-------- RAW DATA --------

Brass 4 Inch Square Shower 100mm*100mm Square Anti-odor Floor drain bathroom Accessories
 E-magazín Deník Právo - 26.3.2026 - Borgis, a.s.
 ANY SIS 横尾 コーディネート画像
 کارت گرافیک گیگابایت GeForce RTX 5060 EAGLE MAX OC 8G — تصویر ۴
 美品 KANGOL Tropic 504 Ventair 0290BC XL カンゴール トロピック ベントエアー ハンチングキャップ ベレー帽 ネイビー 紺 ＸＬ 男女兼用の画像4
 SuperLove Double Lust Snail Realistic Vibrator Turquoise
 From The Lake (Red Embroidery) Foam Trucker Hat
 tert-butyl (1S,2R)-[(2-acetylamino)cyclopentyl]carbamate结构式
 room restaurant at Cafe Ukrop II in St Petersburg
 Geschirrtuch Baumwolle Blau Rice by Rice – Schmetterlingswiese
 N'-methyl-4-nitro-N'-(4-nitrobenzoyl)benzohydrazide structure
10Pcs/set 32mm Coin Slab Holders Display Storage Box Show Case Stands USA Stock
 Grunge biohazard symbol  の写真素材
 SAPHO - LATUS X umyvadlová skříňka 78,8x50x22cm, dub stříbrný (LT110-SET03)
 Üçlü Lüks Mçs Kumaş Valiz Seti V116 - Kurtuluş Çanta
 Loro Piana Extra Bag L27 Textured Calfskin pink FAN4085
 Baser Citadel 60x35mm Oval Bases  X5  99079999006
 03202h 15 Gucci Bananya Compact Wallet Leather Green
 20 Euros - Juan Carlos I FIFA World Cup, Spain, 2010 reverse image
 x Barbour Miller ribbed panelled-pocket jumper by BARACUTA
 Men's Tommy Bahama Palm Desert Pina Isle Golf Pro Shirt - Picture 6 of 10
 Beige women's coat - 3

--------

TRY IT = Across the whole listing, every line must be copied exactly.

SOLUTION TO THIS PROBLEM =
Brass 4 Inch Square Shower 100mm*100mm Square Anti-odor Floor drain bathroom Accessories
 E-magazín Deník Právo - 26.3.2026 - Borgis, a.s.
 ANY SIS 横尾 コーディネート画像
 کارت گرافیک گیگابایت GeForce RTX 5060 EAGLE MAX OC 8G — تصویر ۴
 美品 KANGOL Tropic 504 Ventair 0290BC XL カンゴール トロピック ベントエアー ハンチングキャップ ベレー帽 ネイビー 紺 ＸＬ 男女兼用の画像4
 SuperLove Double Lust Snail Realistic Vibrator Turquoise
 From The Lake (Red Embroidery) Foam Trucker Hat
 tert-butyl (1S,2R)-[(2-acetylamino)cyclopentyl]carbamate结构式
 room restaurant at Cafe Ukrop II in St Petersburg
 Geschirrtuch Baumwolle Blau Rice by Rice – Schmetterlingswiese
 N'-methyl-4-nitro-N'-(4-nitrobenzoyl)benzohydrazide structure
10Pcs/set 32mm Coin Slab Holders Display Storage Box Show Case Stands USA Stock
 Grunge biohazard symbol  の写真素材
 SAPHO - LATUS X umyvadlová skříňka 78,8x50x22cm, dub stříbrný (LT110-SET03)
 Üçlü Lüks Mçs Kumaş Valiz Seti V116 - Kurtuluş Çanta
 Loro Piana Extra Bag L27 Textured Calfskin pink FAN4085
 Baser Citadel 60x35mm Oval Bases  X5  99079999006
 03202h 15 Gucci Bananya Compact Wallet Leather Green
 20 Euros - Juan Carlos I FIFA World Cup, Spain, 2010 reverse image
 x Barbour Miller ribbed panelled-pocket jumper by BARACUTA
 Men's Tommy Bahama Palm Desert Pina Isle Golf Pro Shirt - Picture 6 of 10
 Beige women's coat - 3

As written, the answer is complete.